Material provided
---

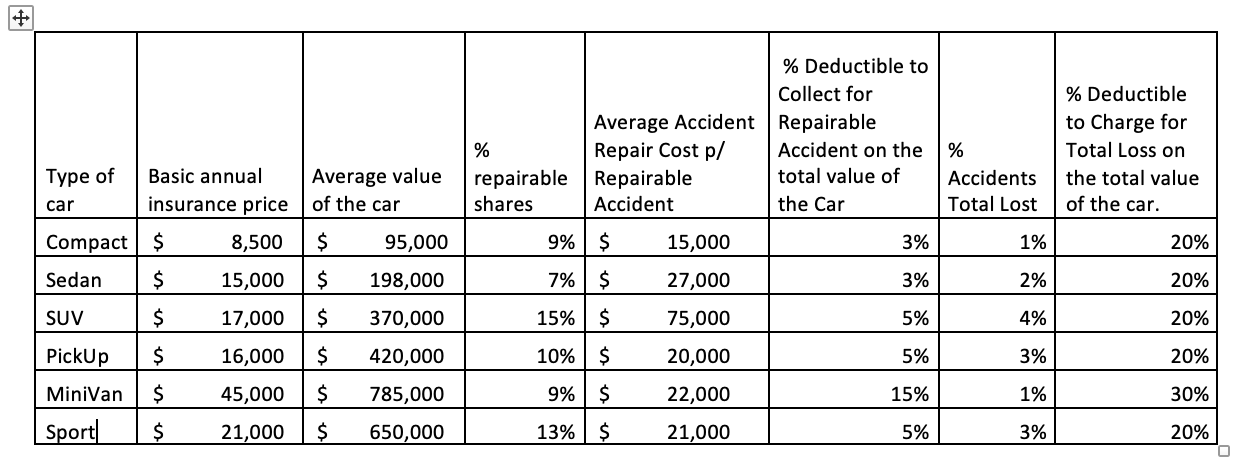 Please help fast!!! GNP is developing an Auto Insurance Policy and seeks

---

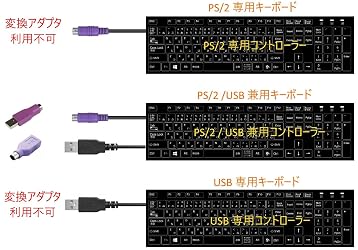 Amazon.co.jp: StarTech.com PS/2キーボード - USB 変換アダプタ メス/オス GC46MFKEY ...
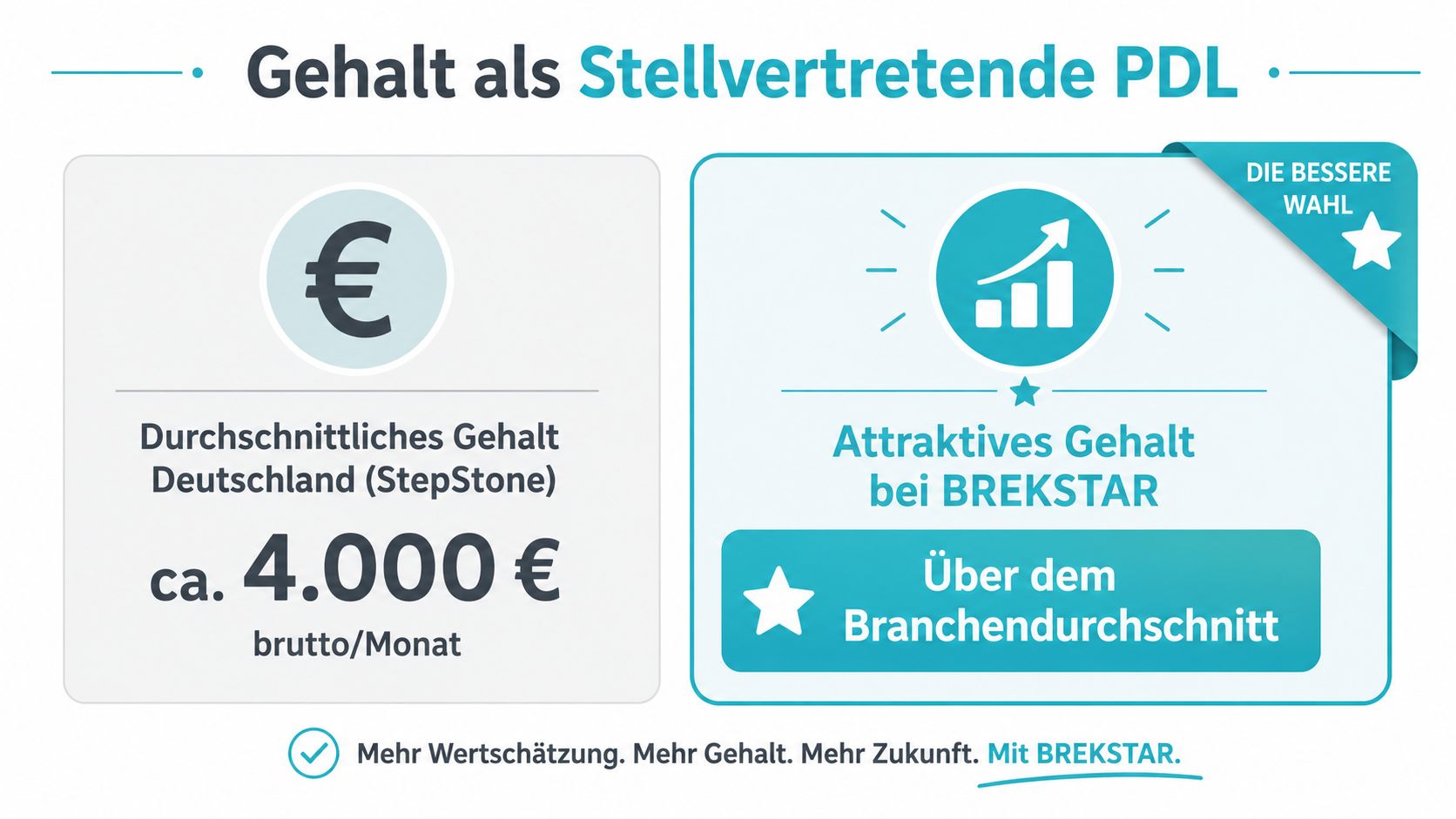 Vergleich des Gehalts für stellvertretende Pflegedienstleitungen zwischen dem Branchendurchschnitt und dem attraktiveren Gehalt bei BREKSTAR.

---

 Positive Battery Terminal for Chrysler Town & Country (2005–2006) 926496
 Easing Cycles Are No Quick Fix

---

Required action
Output the lines above between the one holding "Positive Battery Terminal" and the one holding "Easing Cycles Are No Quick Fix", inclusive, with nothing before or after them.

Output of the task
 Positive Battery Terminal for Chrysler Town & Country (2005–2006) 926496
 Easing Cycles Are No Quick Fix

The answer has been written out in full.